A collection of slurm command line tools and wrappers mostly found on github

why slurm-toys

The purpose of slurm-toys is to package useful SLURM helper tools written in Python 3 or Shell and publish them into a single package on PyPI

currently integrated toys

slurm-limiter

HPC clusters are optimized to maximize utilization for batch jobs. FairShare helps to ensure that all users get an appropriate amount of resources over time. However FairShare can only influence jobs that have not started yet. If a cluster is used 100% by “large” users, “small” users become unhappy because they may not be able to get a single node ad hoc. Currently the only solution to this problem appears to be setting hard account limits. Unfortunatelty these limits are often set too high when a cluster is busy and too low when it is idle. slurm-limiter addresses this problem by dynamically adjusting the limits based on overal partition/ queue load.
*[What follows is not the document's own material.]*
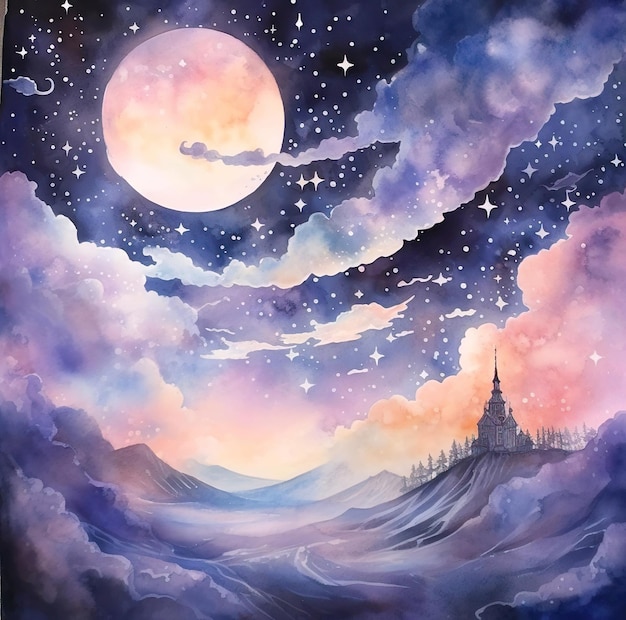 Uma pintura de um castelo no topo e lua cheia à noite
If you want a responsive HPC cluster this should take no longer than 5 sec:

~$ time srun hostname
srun: job 61004624 queued and waiting for resources
srun: job 61004624 has been allocated resources
gizmof171

real    0m1.668s
user    0m0.044s
sys 0m0.012s

example use in a cron job, running every 20 min:

*/20 * * * * root (  ml Python/3.6.4-foss-2016b-fh1; /app/bin/slurm-limiter -p campus \
                   --error-email=sysadmin\@institute.org --minaccountlimit=50 --maxaccountlimit=350 \
                   --slaaccountlimit=300 --changestep=50 --maxpercentuse=90 \
                   --minidlenodes=5 ) >>/var/tmp/slurm-limiter.log 2>&1

example output to syslog:

~$ grep slurm-limiter: /var/log/syslog
Apr 15 09:40:03 gizmo-ctld slurm-limiter: INFO:slurm-limiter.85: Cores: running=689, pending=3299, total=1180, Usage=58 %, Limits: 350 / 370, Nodes: idle=101
Apr 15 10:00:03 gizmo-ctld slurm-limiter: INFO:slurm-limiter.85: Cores: running=689, pending=3274, total=1180, Usage=58 %, Limits: 350 / 370, Nodes: idle=101
Apr 15 10:20:03 gizmo-ctld slurm-limiter: INFO:slurm-limiter.85: Cores: running=680, pending=3241, total=1180, Usage=57 %, Limits: 350 / 370, Nodes: idle=102
Apr 15 10:40:03 gizmo-ctld slurm-limiter: INFO:slurm-limiter.85: Cores: running=680, pending=3219, total=1180, Usage=57 %, Limits: 350 / 370, Nodes: idle=102

output of slurm-limiter –help

~$ slurm-limiter --help
usage: slurm-limiter [-h] [--debug] [--error-email ERROREMAIL]
                     [--cluster CLUSTER] [--partition PARTITION]
                     [--feature FEATURE] [--qos QOS]
                     [--maxaccountlimit MAXLIMIT] [--minaccountlimit MINLIMIT]
                     [--slaaccountlimit SLALIMIT]
                     [--userlimitoffset USERLIMITOFFSET]
                     [--changestep CHANGESTEP] [--minpending MINPENDING]
                     [--maxpercentuse MAXPERCENTUSE]
                     [--minidlenodes MINIDLENODES]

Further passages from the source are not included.